_Problem to work on_:
Could you transcribe every record below exactly as written, leaving out any pictures?
###
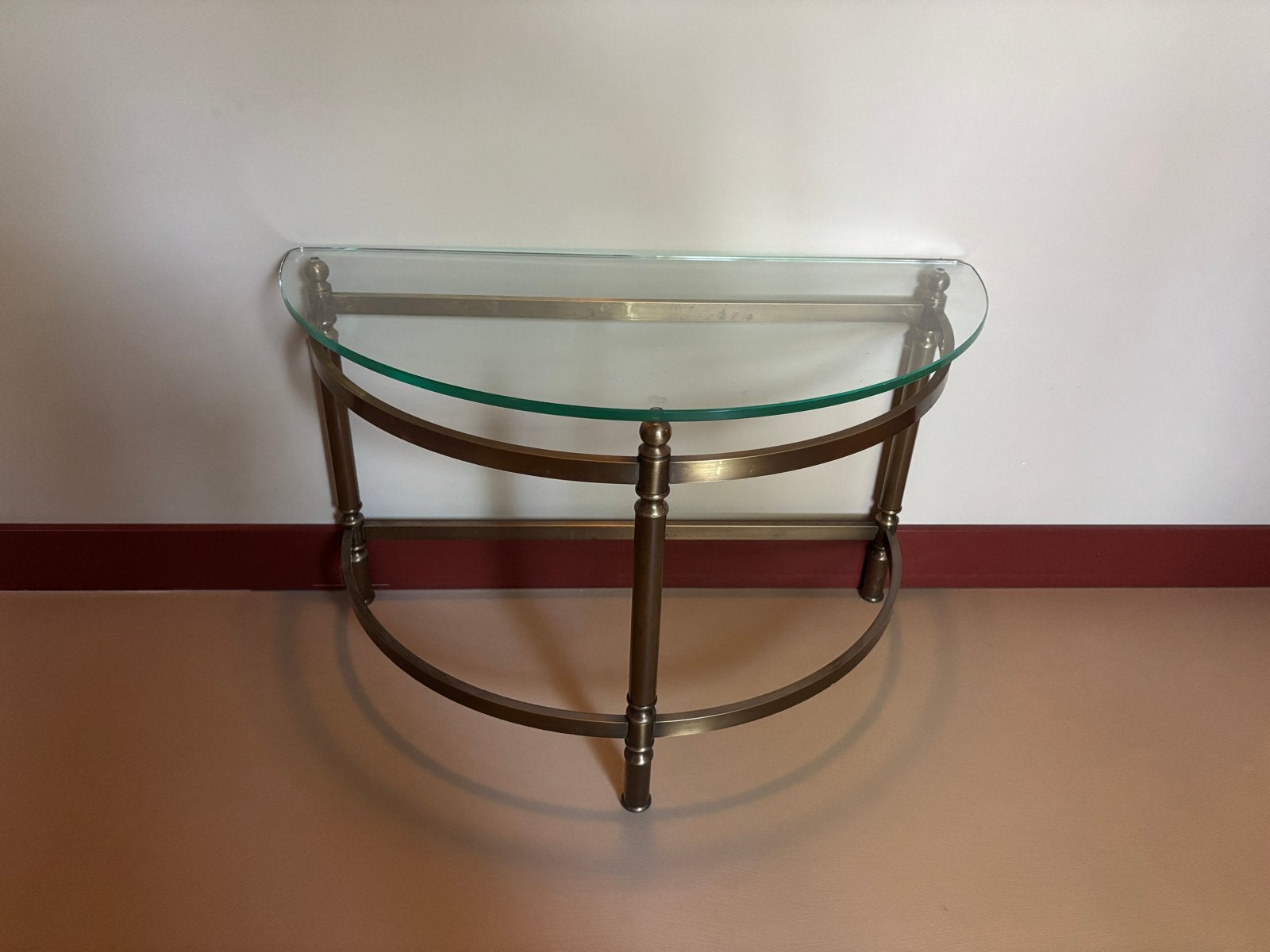 Hollywood Regency Messing Bijzettafel met Glazen Plaat, Ophalen, Gebruikt, Overige vormen, Metaal of Aluminium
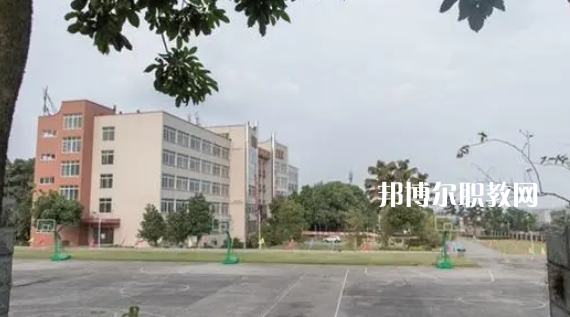 瀘州交通技工學(xué)校2022年報名條件、招生要求、招生對象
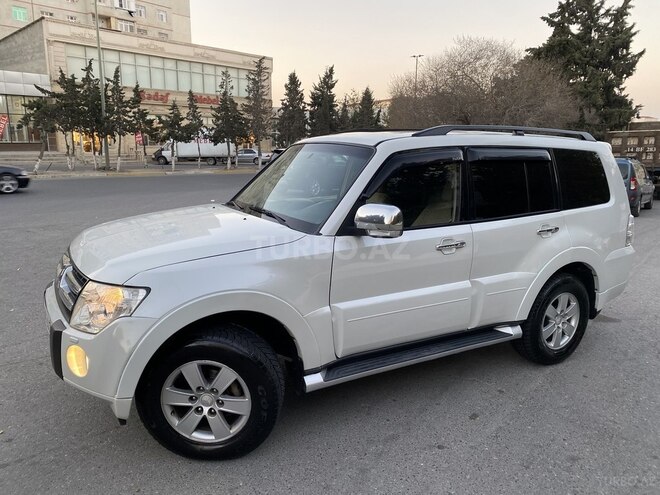 Mitsubishi Pajero 2008, 188,000 km - 3.0 l - Bakı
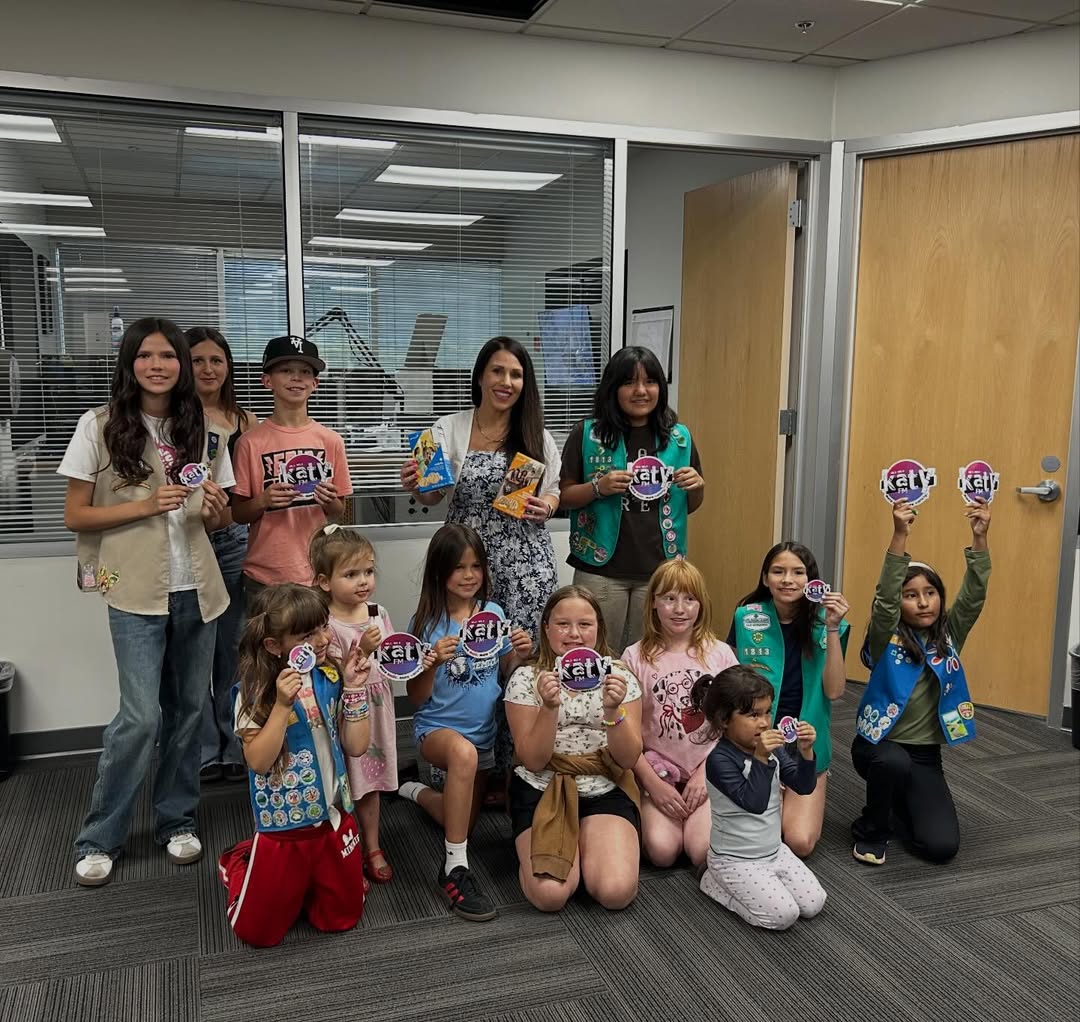 A big shout out to Girl Scout troop 1813 for coming by the studio today in Temecula and bringing Mamma Mia some Girl Scout cookies. #GirlScouts #KATYFM #MamaMia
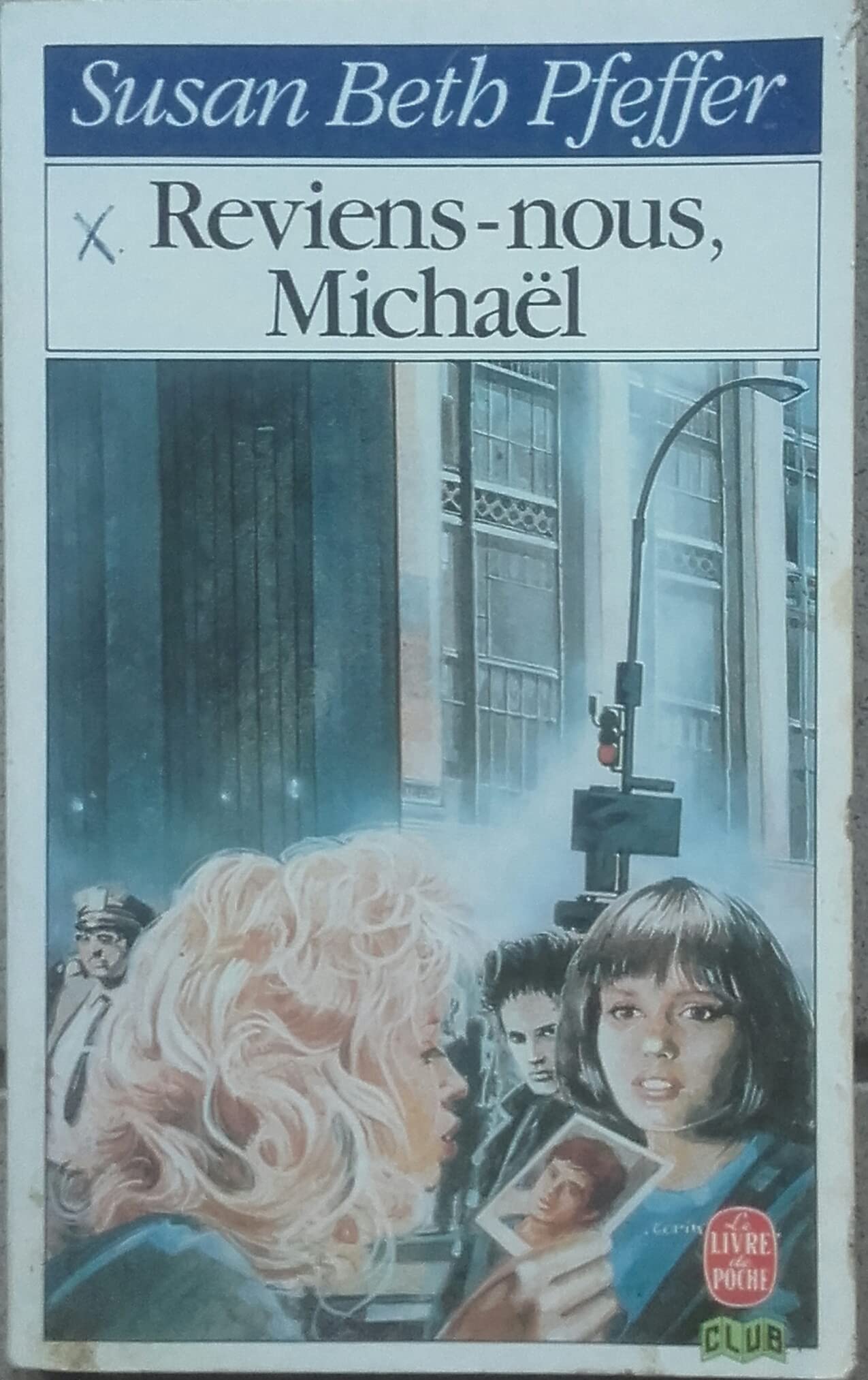 Reviens-nous, Mickaël. Books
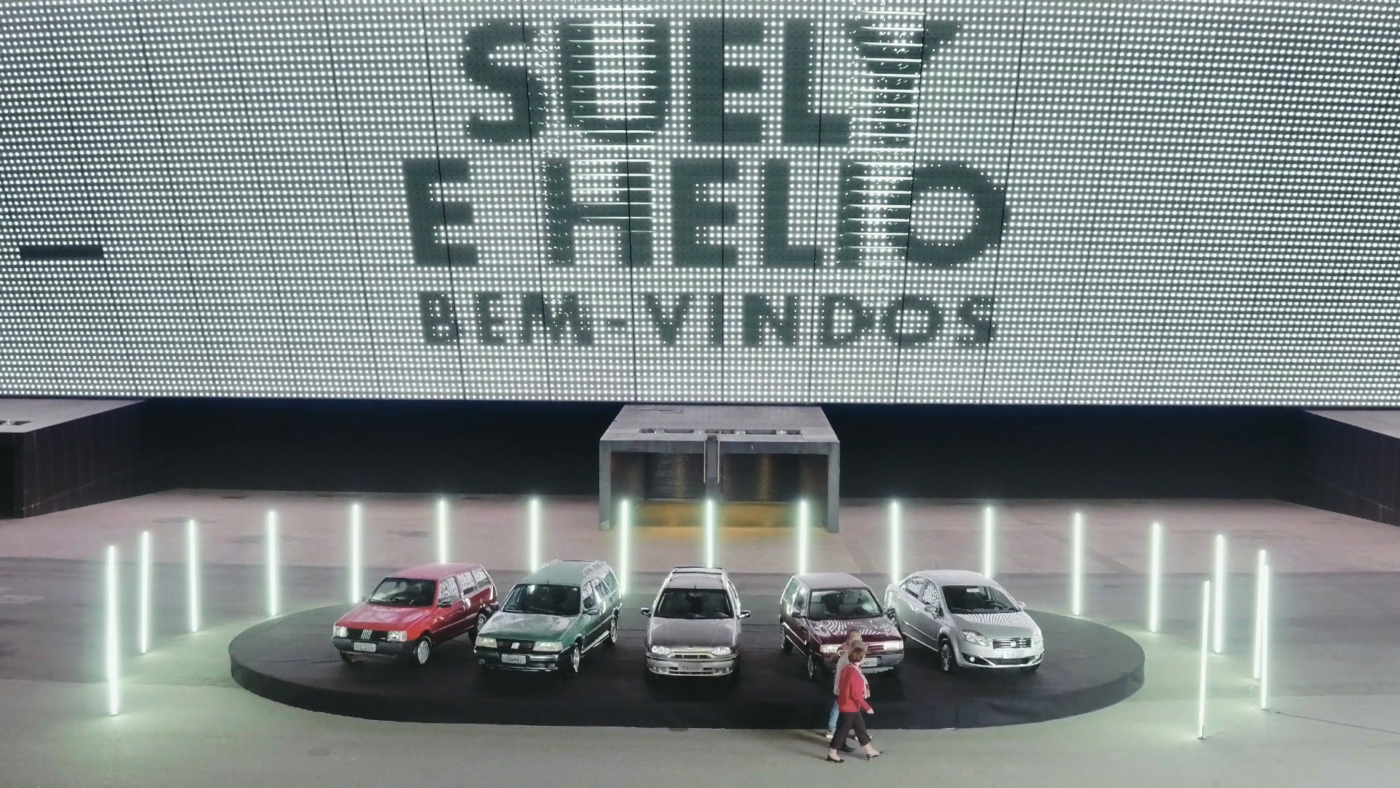 Em frente à Arena Corinthians, Suely e Hélio relembram carros que já tiveram.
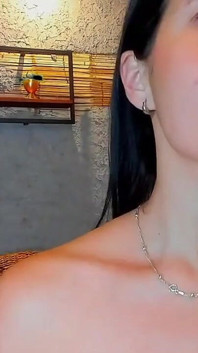 라이브 비디오의 방에서 펠라 섹스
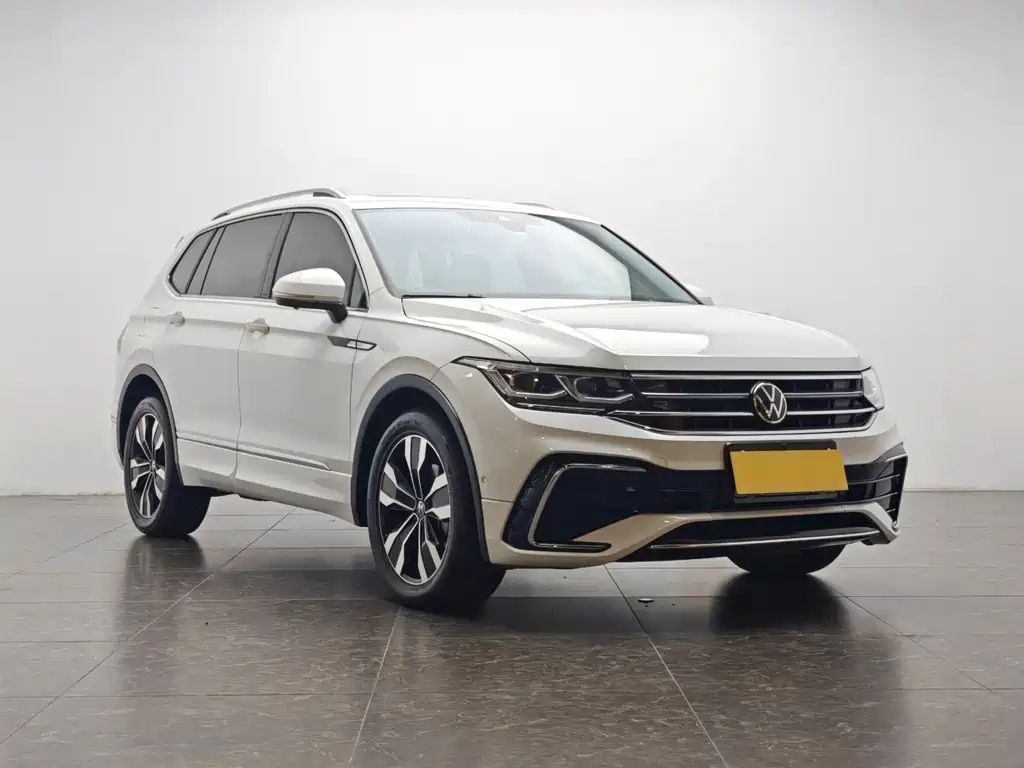 Volkswagen Tiguan L 2023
###
_Your solution_:
 Hollywood Regency Messing Bijzettafel met Glazen Plaat, Ophalen, Gebruikt, Overige vormen, Metaal of Aluminium
 瀘州交通技工學(xué)校2022年報名條件、招生要求、招生對象
 Mitsubishi Pajero 2008, 188,000 km - 3.0 l - Bakı
 A big shout out to Girl Scout troop 1813 for coming by the studio today in Temecula and bringing Mamma Mia some Girl Scout cookies. #GirlScouts #KATYFM #MamaMia
 Reviens-nous, Mickaël. Books
 Em frente à Arena Corinthians, Suely e Hélio relembram carros que já tiveram.
 라이브 비디오의 방에서 펠라 섹스
 Volkswagen Tiguan L 2023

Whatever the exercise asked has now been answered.